▶ _Work instructions_
When you reach the line containing "Calypso’s pink collar" in the records below, set it down exactly, together with every later line through the end, but not the pictures.

(Short text fragments from websites)
┌──
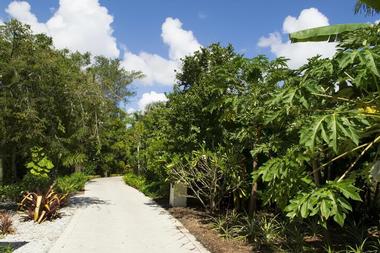 Naples Botanical Gardens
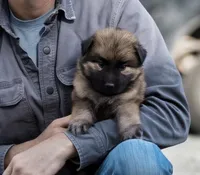 Calypso’s pink collar girl, a female German Shepherd Dog for sale in West Monroe, LA – Photo 2 of 6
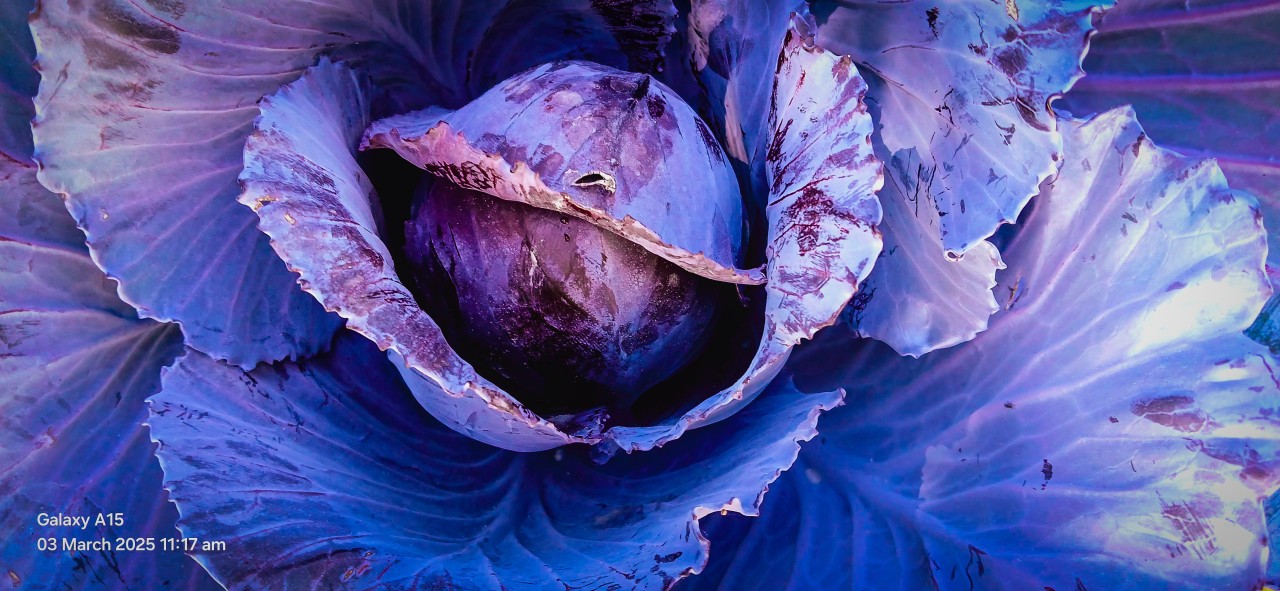 Purple Ornamental Cabbage - Nature Photography Gallery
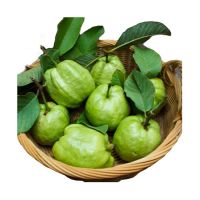 Natural Green Round Shape Fruit South Africa  2021 Sweet Tasty Fruit High Quality Competitive Best Guava Fresh Common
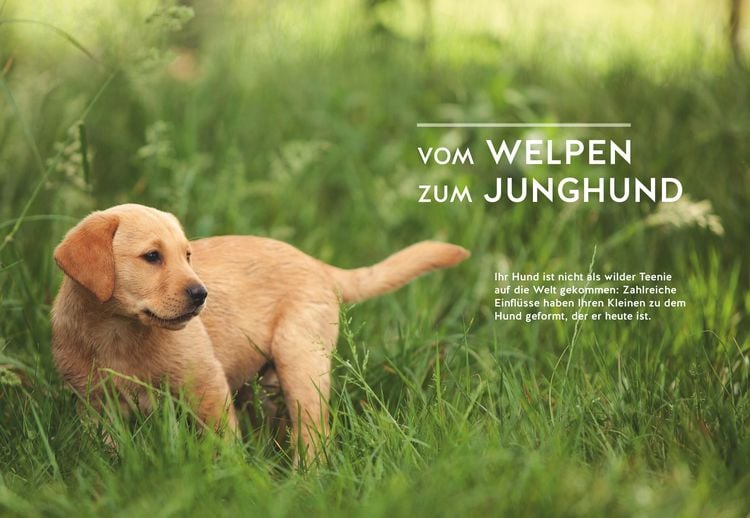 Produktbild: Wenn der Welpe zum halbstarken Hund wird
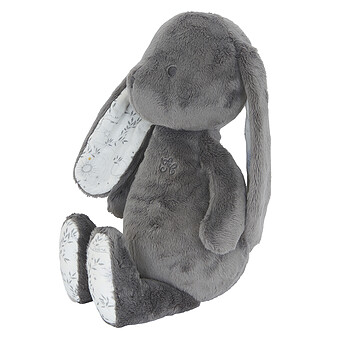 Augustin le Lapin - Rêve Etoilé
└──
▶ _Expected answer_
 Calypso’s pink collar girl, a female German Shepherd Dog for sale in West Monroe, LA – Photo 2 of 6
 Purple Ornamental Cabbage - Nature Photography Gallery
 Natural Green Round Shape Fruit South Africa  2021 Sweet Tasty Fruit High Quality Competitive Best Guava Fresh Common
 Produktbild: Wenn der Welpe zum halbstarken Hund wird
 Augustin le Lapin - Rêve Etoilé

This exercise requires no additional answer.